▶ _Brief_
Begin at the line containing "Адаптер для навушників" in the records below, end at the line containing "Free People x", and retype each line in that span exactly. No other line and no image should appear.

▶ _Records shown_
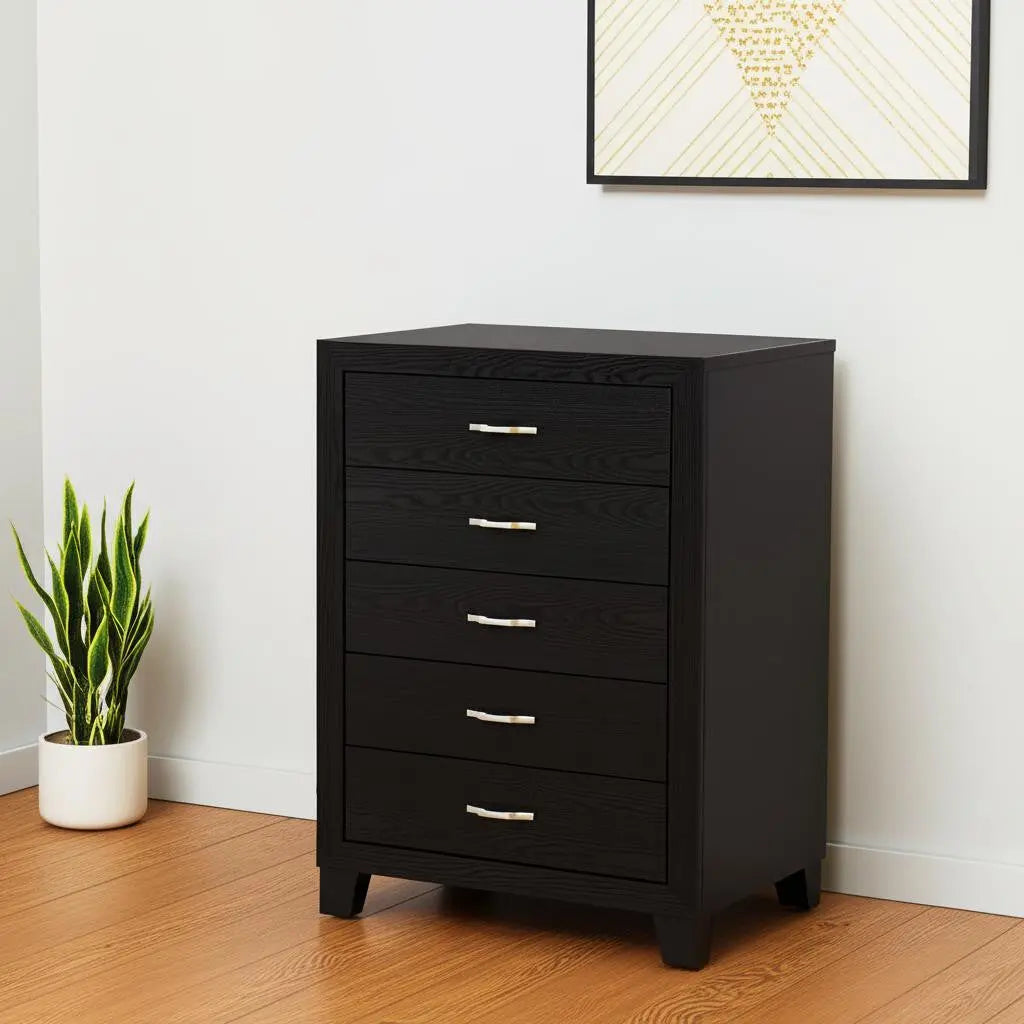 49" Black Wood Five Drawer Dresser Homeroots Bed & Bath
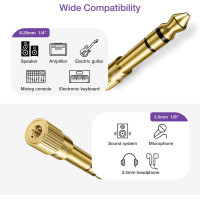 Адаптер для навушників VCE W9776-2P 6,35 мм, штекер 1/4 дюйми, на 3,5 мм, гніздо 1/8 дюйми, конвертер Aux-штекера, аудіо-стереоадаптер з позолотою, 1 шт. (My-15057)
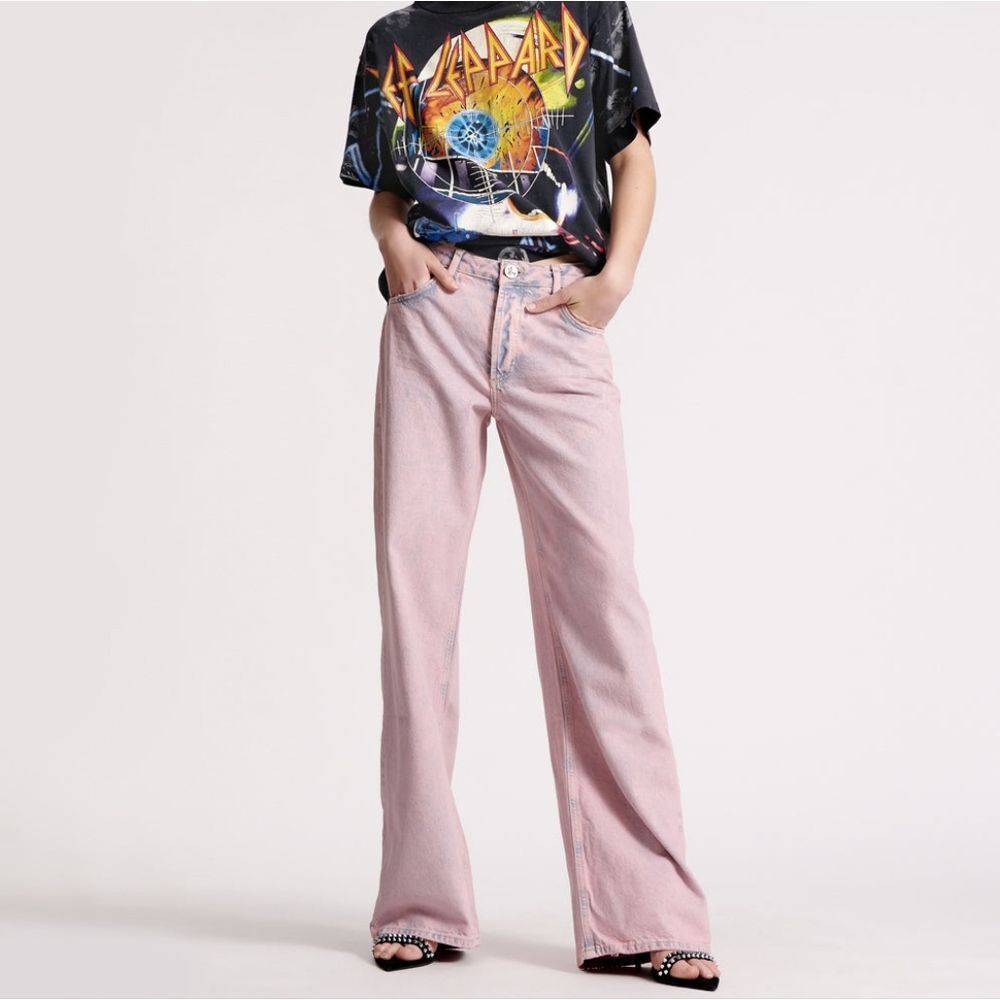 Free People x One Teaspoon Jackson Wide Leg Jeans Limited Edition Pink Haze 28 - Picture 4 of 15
* * *
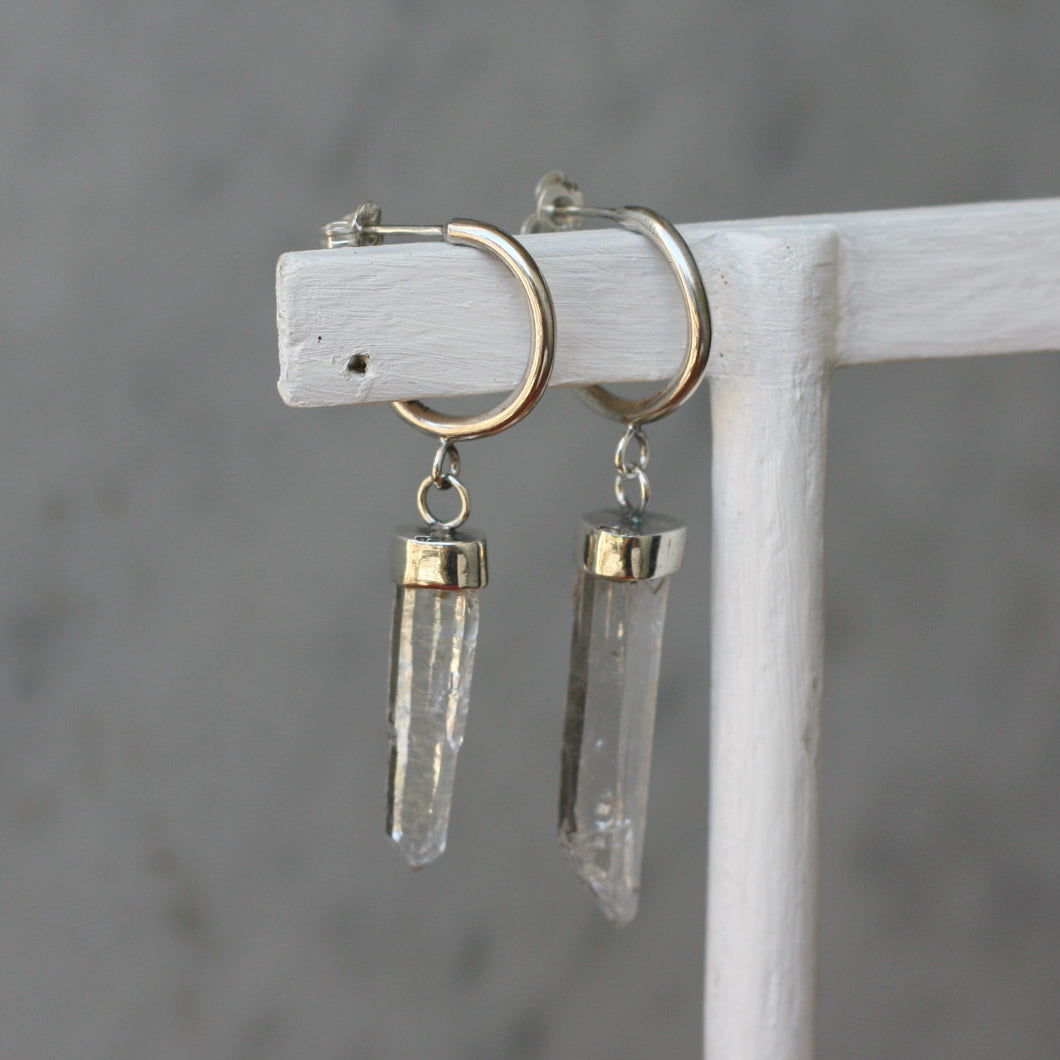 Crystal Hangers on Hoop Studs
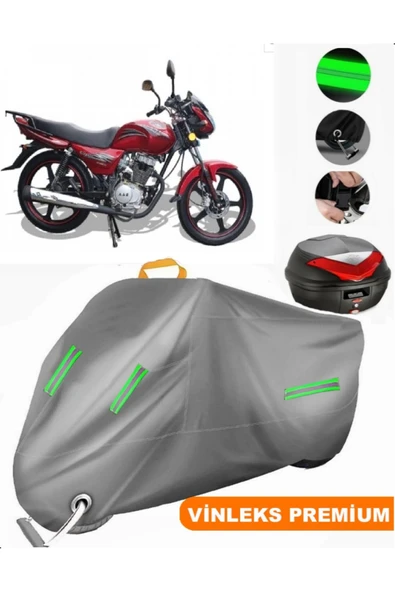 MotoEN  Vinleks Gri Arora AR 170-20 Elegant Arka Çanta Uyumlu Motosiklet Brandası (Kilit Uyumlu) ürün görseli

▶ _Solution for this exercise_
 Адаптер для навушників VCE W9776-2P 6,35 мм, штекер 1/4 дюйми, на 3,5 мм, гніздо 1/8 дюйми, конвертер Aux-штекера, аудіо-стереоадаптер з позолотою, 1 шт. (My-15057)
 Free People x One Teaspoon Jackson Wide Leg Jeans Limited Edition Pink Haze 28 - Picture 4 of 15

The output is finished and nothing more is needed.